We have not yet looked at the AWS bare-metal offering. If the bare metal offering allows us to have a dedicated subnet with multicast capability then we can deploy the pattern in its original configuration.
How does the BUS perform across processes that run on the same server?
We have run the system on a single box, with the loopback interface configured for multicast. The bigger issue with a single box is CPU usage. For an ultra-low latency deployment, we spin on CPUs and use CPU affinity. This does not work well if there are insufficient cores. We have therefore developed an epoll based bus that is CPU efficient. This is now a configuration option when starting the bus. We still have some minor changes to do here, but essentially this works. This is also a more sensible option for an AWS deployment.
Do you have benchmarks that include one-to-one, one-to-many, many-to-many communication for different system configurations?
We can provide these. We have not measured every permutation yet. We use multicast, and so the number of consumers makes no difference.
The interesting measurement will be the impact to outliers when multiple consumers concurrently recover missed messages.
I understand that to achieve best performance you use “active wait” in your processes and specialized network hardware. Is there a way to use “passive wait” (e.g. standard select/poll I/O wait) when ultra-low-latency is not a requirement and we want to make efficient use of hardware infrastructure? What does performance look like in this case?
We have just recently developed this for the Sequencer. There is still some work for this to be added to the node. We use “epoll”. Benchmarking is pending.
How would the middleware be deployed on hybrid infrastructure that includes physical infrastructure (e.g. co-located hardware) as well as virtual infrastructure (cloud) and dedicated network links in between?
This could be achieved using VPN, and TCP bridges.

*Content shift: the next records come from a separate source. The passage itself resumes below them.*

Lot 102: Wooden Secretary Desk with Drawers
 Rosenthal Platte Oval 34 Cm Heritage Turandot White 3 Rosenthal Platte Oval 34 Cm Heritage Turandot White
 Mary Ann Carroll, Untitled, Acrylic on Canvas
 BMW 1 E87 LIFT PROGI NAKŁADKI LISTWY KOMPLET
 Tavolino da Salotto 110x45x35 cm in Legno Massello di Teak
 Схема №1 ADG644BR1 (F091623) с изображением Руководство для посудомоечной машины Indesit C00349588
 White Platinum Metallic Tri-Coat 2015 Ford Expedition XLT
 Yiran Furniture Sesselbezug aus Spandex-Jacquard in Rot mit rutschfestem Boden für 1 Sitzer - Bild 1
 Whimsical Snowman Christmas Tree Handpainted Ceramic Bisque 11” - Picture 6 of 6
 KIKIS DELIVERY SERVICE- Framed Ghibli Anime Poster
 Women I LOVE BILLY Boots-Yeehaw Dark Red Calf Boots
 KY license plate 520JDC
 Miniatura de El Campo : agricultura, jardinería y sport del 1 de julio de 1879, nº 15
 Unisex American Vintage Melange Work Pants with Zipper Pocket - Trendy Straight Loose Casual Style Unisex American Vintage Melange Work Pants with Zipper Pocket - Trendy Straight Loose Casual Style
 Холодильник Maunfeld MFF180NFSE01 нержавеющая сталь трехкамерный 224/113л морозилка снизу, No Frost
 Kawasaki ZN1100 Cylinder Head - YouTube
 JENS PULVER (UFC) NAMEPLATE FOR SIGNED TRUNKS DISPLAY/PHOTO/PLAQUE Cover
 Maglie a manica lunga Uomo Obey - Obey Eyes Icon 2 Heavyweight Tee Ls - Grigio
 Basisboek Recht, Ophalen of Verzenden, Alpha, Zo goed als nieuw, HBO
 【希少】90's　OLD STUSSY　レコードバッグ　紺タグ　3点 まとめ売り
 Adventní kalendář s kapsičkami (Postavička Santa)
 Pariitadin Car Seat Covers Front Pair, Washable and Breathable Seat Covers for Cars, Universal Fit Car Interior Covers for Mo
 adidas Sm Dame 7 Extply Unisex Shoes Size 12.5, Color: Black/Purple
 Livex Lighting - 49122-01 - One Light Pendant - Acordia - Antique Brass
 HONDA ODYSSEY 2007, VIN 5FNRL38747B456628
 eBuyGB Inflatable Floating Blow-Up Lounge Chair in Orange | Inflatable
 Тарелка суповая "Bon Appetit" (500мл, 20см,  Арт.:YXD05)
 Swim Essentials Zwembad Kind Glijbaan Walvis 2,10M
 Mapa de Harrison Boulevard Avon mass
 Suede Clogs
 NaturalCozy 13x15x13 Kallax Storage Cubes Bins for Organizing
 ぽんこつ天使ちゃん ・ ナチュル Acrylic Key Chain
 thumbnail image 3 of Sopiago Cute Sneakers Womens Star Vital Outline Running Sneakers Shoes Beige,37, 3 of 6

The system would need to be tuned differently, eg resend timeouts would need to be increased for publishers.
What “communication paradigms” does your middleware support? (e.g. pub/sub, request/reply, message queues, etc.)?
The paradigm is pub-sub over reliable multicast. There is a single recoverable “event stream” for all consumers. There are therefore no message queues. A consuming application, upon start-up can recover the event stream from a given sequence number, and is notified when recovery is complete and real-time messages are now flowing. We have topic filtering, to prevent applications from receiving messages that are not of interest. An application level request-response protocol can be implemented. As mentioned there are no message queues per consumer. The recoverable event stream could be considered as a single message queue for all consumers.
What adapters and APIs do you have available, to interface to your middleware? Do the APIs provide a way to define message structures and bind them to native language constructs?
The pub/sub bus “node” has been developed for Linux. The node library is written in C++. A JNI based adapter has been written to provide support for Java applications running on Linux. A .Net Core adapter has been provided for .NET applications running on Linux.
All of these use the same underlying library. Our roadmap includes a native Windows pub/sub node.
The bus provides raw bytes message transfer and is not tied to any specific message marshalling technology. For low latency applications, we use binary fixed-length messages for speed of encoding and decoding. It can just as easily carry Google Protobuf or FIX key-tag pairs.
We consider message marshalling to be a different “layer”, and there is no point in reinventing the wheel or constraining the user to a single technology. If you wish to send and receive xml, you can.
We provide a reliable recoverable stream with totally flexible content.
Can you deploy different buses for different traffic?
These are essentially different event “streams” that are independent from one another.
You can have a pre-trade bus, for various what-if scenarios and distribution of analytics eg market impact of average price due to a large order.